We’ve bought a Jetson TX1 board to do our vision work this year and I had a question on its benefits. We’re not actually using the GPU module because we’re not using any of the vision algorithms that it can accelerate. Given this, is there a benefit of doing vision on the Jetson over a cheaper board like the RPI3?

Well the CPU is a bit more powerful than the rPi 3’s, but that’s about it. Comparing the jetson to an Odroid XU4 or C2 if you’re not using GPU, the XU4 or C2 wins generally.

I highly doubt that. Thresholds, desaturates, and blurs are very common operations that can be GPU accelerated.

Also, we’re writing our CV code in python but I can’t find any gpu functions written for python. Are there wrappers available?

No. The python bindings just got OpenCL support, but the Jetson doesn’t support it.
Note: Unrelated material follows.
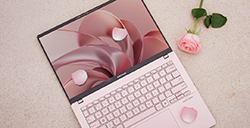 华硕a豆14 Air香氛版，为灵感注入香气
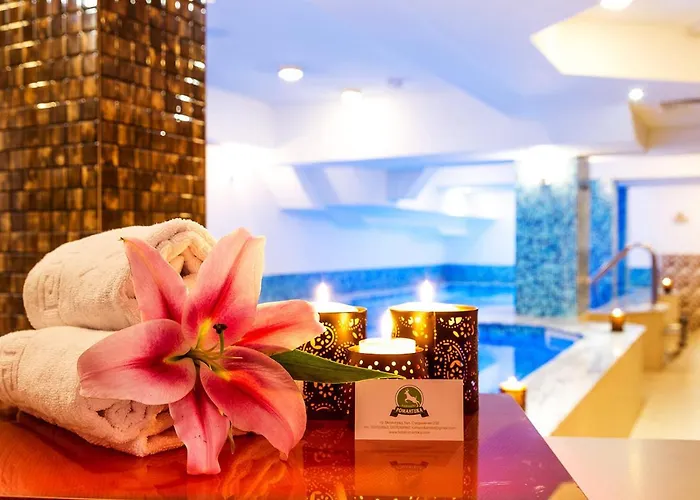 Family Hotel Romantika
You’d have to write your own bindings for the CUDA functions.

Without doing lot of complicated moving of memory from the CPU to the GPU, the one thing that seems to be offloaded using the built-in CUDA version of the OpenCV on Jetson is the decode of the encoded video from the camera, and I believe also the encode of the video (if you want to create a JPEG image and write it to disk, so a MJPG streamer can stream it to the driver station).

It’s not clear how that compares to the Raspberry Pi 3 yet.
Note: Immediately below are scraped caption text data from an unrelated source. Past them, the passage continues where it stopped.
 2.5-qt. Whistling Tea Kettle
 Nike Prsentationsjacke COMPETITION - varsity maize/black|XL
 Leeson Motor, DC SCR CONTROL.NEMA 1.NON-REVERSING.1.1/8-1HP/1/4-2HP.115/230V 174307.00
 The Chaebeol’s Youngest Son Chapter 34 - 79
We are transitioning from a Jetson TK1 to a Raspberry Pi 3 this year, and one of my notes is to get performance stats; if I get to that I will post them.

  • scott

Here are published specs, for comparison:

Jetson TX1
ARM Cortex-A57 MPCore (Quad Core) w/NEON technology. Up to 1.73Ghz.
Cache: L1 Cache: 48KB; L2 Cache: 2MB
4GB Ram LPDDR4 (1600Mhz)
GPU: NVidia Maxwell: 256-core
OpenGL ES Shader Performance: Up to 1024 GFlops.

Raspberry Pi 3
CPU: ARM Cortex-A53 (Quad Core). Up to 1.2Ghz.
Cache: L1 Cache: 32KB, L2 Cache: 512KB
RAM: 1GB Ram LPDDR2 (900 Mhz)
GPU: Broadcom VideoCore IV GPU. Up to 24 GFlops.

My overall takeaway is if you’re not taking advantage of the Jetson TX1 GPU, the performance between the two is comparable, though the Jetson TX1 clearly wins.

The very interesting question is how much of the GPU is a team actually taking advantage of. If the answer is not much, the Raspberry Pi 3 cost/performance is very compelling.

I’d expect that over the coming years the integration/ease-of-use between OpenCV and the GPUs will improve and at that point the difference in performance (as realizable by FRC teams w/out deep GPU experience) will become more pronounced in Jetson TX1’s favor. Perhaps someone w/significant experience here can shed more light on the current state-of-the art here and where things are headed on future OpenCV/GPU integration…

It should be noted that the Pi’s Cortex-A53 DOES support ARM NEON (just like the jetson), as it’s mandatory per-core in it’s specification.

Compiling OpenCV with the proper flags, as well as being mindful of your memory allocations will grant a speed increase in the Pi 3, as OpenCV will use NEON where possible. It won’t be nearly as fast as a GPU-Enabled Jetson, but the speed is generally what we call “Fast Enough” for this application, and should work more than fine if your vision pipeline isn’t too heavy.

The biggest amount of time will be spent in operations like Thresholding, as at this point you’re throttled by memory speeds and CPU looping speeds. NEON will increase the speed of the CPU looping, and the memory bottleneck is more than fast enough for a 30fps stream.

An A57 is about 2x faster per clock than the A53. Add in the extra clock speed, memory BW and cache and it might up to 3x. That’s pretty significant - whether it is worth the cost or not is another question but I’m not sure I’d call it comparable performance.

That being said, I’d be happy to see actual numbers if people have code which they think is representative of what teams typically run.